FlashAttention (Dao et al., 2022) does not reduce the FLOP count — it computes exact standard attention. Its innovation is IO-aware: it tiles the computation to fit within GPU SRAM (on-chip memory), avoiding writing the full $n \times n$ attention matrix to HBM (slow off-chip memory). Result:

Memory: $O(n^2) \to O(n)$ (never materializes full attention matrix)

Speed: 2–4× faster (fewer HBM reads/writes)

Accuracy: Bit-identical to standard attention

FlashAttention is now the default attention implementation in most frameworks.

22.8 KV Cache for Autoregressive Inference

KV Cache

In autoregressive generation (GPT-style), each new token attends to all previous tokens. Without caching, generating token $t$ requires recomputing all $t$ K and V projections — total cost $O(t^2)$ per token, or $O(n^3)$ for the full sequence.

With KV cache: store the K and V matrices from all previous tokens. Generating token $t$ requires only:

(1) Computing $\bm{q}_t, \bm{k}_t, \bm{v}_t$ for the new token: $O(d^2)$

(2) Appending $\bm{k}_t, \bm{v}_t$ to the cache: $O(d)$

(3) Computing attention: $\bm{q}_t\T \bm{K}_{\text{cache}}$: $O(td)$

Total per token: $O(d^2 + td)$ instead of $O(td^2 + t^2d)$

KV Cache Memory
$$\text{KV cache} = 2 \times L \times n \times d \times \text{bytes\_per\_element}$$

The factor of 2 is for both K and V. Per layer, per token: $2d$ values.

Model $L$ $d$ KV cache per token (FP16) KV cache for 2K tokens
GPT-2 Small 12 768 36.9 KB 72 MB
LLaMA 7B 32 4096 524 KB 1.0 GB
LLaMA 70B 80 8192 2.6 MB 5.1 GB
GPT-3 175B 96 12288 4.7 MB 9.2 GB

For large models serving many users simultaneously, the KV cache can consume more GPU memory than the model weights themselves.
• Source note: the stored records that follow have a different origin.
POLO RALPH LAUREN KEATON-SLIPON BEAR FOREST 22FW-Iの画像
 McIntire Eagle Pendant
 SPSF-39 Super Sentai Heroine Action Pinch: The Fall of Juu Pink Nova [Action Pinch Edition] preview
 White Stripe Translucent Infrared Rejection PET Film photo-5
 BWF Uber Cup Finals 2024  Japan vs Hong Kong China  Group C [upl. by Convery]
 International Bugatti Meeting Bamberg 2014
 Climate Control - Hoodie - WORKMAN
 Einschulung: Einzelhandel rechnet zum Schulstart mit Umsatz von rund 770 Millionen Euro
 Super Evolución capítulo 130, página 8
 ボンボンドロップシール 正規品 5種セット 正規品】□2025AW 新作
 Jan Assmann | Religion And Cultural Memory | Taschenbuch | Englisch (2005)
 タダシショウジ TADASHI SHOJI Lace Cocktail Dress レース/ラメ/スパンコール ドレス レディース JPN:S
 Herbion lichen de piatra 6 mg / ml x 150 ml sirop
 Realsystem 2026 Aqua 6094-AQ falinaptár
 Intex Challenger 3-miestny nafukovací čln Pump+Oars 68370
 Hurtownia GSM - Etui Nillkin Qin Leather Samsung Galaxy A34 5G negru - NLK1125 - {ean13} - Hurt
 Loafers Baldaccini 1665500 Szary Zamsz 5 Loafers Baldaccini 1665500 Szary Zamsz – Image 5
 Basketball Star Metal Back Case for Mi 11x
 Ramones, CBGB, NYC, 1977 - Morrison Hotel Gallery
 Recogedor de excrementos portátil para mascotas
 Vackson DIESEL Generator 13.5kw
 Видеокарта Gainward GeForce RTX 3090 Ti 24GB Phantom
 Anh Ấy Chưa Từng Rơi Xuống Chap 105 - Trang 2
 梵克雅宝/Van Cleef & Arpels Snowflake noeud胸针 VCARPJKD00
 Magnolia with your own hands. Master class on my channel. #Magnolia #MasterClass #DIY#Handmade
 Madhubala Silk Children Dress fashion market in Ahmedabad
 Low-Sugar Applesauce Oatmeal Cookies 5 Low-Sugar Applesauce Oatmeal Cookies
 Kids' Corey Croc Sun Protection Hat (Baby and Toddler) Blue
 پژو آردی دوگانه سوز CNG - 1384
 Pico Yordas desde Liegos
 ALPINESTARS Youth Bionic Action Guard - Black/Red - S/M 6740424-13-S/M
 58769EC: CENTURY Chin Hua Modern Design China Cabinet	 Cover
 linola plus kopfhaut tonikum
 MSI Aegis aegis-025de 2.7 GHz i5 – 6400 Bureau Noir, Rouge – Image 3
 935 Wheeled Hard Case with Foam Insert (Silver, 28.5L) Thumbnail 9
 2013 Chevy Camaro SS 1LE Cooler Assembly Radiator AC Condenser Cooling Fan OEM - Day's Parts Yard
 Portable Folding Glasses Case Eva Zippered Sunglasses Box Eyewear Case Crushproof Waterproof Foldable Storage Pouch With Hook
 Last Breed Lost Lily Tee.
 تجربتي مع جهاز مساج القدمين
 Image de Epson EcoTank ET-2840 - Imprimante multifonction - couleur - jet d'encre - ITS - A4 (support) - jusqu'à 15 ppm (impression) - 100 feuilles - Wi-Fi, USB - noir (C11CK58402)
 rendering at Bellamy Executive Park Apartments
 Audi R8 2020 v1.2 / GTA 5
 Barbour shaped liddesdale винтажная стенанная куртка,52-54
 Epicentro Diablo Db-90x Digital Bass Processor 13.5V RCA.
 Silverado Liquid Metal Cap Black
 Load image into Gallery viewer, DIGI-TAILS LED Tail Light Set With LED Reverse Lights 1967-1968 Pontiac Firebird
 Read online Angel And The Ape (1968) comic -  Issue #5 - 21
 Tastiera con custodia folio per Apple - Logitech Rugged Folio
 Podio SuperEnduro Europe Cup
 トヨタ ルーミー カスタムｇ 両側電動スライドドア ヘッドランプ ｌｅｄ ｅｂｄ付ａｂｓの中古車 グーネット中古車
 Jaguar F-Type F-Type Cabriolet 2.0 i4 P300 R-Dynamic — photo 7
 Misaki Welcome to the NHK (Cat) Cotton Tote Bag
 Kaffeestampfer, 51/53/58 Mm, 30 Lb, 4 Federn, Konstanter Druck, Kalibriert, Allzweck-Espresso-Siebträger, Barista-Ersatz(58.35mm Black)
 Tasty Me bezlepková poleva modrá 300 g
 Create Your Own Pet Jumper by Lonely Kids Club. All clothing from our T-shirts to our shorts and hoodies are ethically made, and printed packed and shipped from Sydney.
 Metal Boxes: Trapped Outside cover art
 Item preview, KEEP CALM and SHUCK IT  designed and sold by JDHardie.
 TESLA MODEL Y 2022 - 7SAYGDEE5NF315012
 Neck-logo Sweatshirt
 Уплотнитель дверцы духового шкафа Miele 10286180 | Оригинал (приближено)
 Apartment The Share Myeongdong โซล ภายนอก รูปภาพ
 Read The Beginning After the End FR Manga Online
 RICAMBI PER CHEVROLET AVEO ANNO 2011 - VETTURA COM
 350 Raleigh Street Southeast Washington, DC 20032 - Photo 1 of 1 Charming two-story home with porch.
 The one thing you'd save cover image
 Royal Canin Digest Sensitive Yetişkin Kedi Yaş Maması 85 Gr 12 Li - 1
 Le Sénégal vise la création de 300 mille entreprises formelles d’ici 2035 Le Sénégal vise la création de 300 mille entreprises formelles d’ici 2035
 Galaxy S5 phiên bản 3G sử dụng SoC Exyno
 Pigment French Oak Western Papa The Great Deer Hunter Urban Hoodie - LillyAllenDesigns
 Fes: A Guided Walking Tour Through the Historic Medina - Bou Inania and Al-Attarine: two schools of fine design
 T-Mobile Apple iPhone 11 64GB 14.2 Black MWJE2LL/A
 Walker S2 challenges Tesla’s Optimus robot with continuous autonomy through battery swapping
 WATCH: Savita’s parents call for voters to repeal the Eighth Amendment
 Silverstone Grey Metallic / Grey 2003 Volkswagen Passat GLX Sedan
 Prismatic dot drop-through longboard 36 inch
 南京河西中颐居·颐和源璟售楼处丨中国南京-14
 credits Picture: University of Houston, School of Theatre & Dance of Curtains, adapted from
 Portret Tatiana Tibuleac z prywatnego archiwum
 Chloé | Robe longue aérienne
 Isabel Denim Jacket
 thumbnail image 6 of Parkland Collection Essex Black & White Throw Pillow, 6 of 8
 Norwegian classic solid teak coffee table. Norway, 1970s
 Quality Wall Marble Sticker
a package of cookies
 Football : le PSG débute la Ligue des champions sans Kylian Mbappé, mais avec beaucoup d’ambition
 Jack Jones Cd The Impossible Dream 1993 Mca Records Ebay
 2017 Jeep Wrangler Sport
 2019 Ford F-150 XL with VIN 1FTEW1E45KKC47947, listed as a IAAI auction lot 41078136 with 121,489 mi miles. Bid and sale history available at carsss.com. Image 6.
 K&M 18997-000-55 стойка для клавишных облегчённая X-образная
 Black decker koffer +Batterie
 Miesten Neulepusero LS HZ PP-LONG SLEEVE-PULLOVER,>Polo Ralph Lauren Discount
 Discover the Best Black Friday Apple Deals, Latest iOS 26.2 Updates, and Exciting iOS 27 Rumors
This is the primary motivation for Multi-Query Attention and Grouped-Query Attention, which reduce KV cache by $h\times$ and $h/G\times$ respectively.

References for §22

[1] Vaswani, A. et al. (2017). Attention Is All You Need. NeurIPS 2017.

[2] Dao, T. et al. (2022). FlashAttention: Fast and Memory-Efficient Exact Attention with IO-Awareness. NeurIPS 2022.

[3] Shazeer, N. (2019). Fast Transformer Decoding: One Write-Head is All You Need. arXiv:1911.02150.

[4] Ainslie, J. et al. (2023). GQA: Training Generalized Multi-Query Transformer Models from Multi-Head Checkpoints. EMNLP 2023.

[5] Su, J. et al. (2021). RoFormer: Enhanced Transformer with Rotary Position Embedding. arXiv:2104.09864.


§23 Recurrent Neural Networks and LSTMs

23.1 Vanilla RNN

RNN Cell
$$\bm{h}_t = \tanh(\bm{W}_{hh}\bm{h}_{t-1} + \bm{W}_{xh}\bm{x}_t + \bm{b}_h)$$ $$\bm{y}_t = \bm{W}_{hy}\bm{h}_t + \bm{b}_y$$

where $\bm{h}_t \in \R^d$ is the hidden state, $\bm{x}_t \in \R^m$ is the input, $d$ is the hidden size.

RNN — Cost per Time Step
Component Parameters FLOPs per step
$\bm{W}_{hh}\bm{h}_{t-1}$ $d^2$ $2d^2$
$\bm{W}_{xh}\bm{x}_t$ $md$ $2md$
Addition + tanh 0 $\approx 7d$
Total (per step, excl. output) $d^2 + md$ $\approx 2d(d+m)$
Full sequence ($n$ steps) $d^2 + md$ (shared!) $2nd(d+m)$

Key property: FLOPs scale as $O(nd^2)$ — linear in sequence length, unlike the Transformer's $O(n^2d)$ attention term. However, RNN steps are sequential — step $t$ depends on step $t-1$ — preventing parallelization.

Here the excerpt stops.